- [DATASET EXCERPT]:

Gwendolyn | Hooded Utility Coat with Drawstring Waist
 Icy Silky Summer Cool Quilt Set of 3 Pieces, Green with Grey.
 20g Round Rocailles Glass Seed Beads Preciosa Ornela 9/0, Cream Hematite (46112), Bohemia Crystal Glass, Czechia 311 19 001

- [TASK ITEM]: Quote the listing in full, please, keeping every line exact.

- [RESPONSE AREA]:
Gwendolyn | Hooded Utility Coat with Drawstring Waist
 Icy Silky Summer Cool Quilt Set of 3 Pieces, Green with Grey.
 20g Round Rocailles Glass Seed Beads Preciosa Ornela 9/0, Cream Hematite (46112), Bohemia Crystal Glass, Czechia 311 19 001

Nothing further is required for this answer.